A passing blip of a story that could entail drastic changes in the way internet marketing and search engine results are sequenced and itemized: Spain has just proposed a new law that allows news media companies to charge search engines for displaying copyrighted content.
Search engines like Google make their money from the advertisements that juxtapose news content, but media companies have long pined for a share of that revenue. Basically, the proposed law - echoing similar pushes by media outlets in France and Germany - would make it a standard that search engines will not have to get permission to publish links, headlines, ledes, and other excerpts of news stories, but will have to pay "an equitable remuneration" for them. The problems of how payments will be measured, not to mention which excerpts must be paid for, have not been answered yet.
Considering that Spain has been one of the countries hit hardest by the prolonged economic (not-actually-a-)recession, advertising dollars have been in short supply, and nearly 10,000 Spanish journalists have been laid off in the last four years. The Spanish government has been seeking an extensive re-vamping of intellectual property rules (Spain has one of the largest internet piracy rates in the world).

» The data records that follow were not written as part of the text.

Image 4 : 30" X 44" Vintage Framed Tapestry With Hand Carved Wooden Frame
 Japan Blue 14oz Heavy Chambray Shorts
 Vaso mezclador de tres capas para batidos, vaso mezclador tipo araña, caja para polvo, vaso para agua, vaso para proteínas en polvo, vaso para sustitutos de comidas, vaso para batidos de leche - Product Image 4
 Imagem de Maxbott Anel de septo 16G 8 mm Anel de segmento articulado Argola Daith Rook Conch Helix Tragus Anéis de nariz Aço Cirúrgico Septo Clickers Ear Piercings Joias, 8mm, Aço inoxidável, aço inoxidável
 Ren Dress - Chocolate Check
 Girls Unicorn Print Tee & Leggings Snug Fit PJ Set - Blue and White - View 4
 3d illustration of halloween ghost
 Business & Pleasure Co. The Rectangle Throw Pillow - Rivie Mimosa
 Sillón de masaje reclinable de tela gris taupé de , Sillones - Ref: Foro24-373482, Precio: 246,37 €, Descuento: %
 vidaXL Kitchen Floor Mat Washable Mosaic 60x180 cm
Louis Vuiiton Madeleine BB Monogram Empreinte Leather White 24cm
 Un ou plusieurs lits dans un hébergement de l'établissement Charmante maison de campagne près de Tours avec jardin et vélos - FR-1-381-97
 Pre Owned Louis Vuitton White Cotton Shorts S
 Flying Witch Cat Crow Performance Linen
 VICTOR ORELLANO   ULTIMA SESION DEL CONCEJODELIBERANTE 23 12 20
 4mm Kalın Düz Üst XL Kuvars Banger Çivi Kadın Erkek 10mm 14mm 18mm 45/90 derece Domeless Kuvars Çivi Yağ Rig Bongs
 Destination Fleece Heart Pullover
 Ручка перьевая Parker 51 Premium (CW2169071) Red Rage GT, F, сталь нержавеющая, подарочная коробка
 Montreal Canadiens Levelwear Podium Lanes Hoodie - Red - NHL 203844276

What this means for North American search engines? Well, nothing...yet. But considering that looking to Europe is often a good barometer for where the tides can turn in North America - or at least in Canada, what with our strong ties to the EU - we may see similar legislation passed, or at least proposed, within the next decade. For better or worse, Canadian intellectual property laws still exist in something of a "grey zone"; this may yet take us out of that. For better or worse.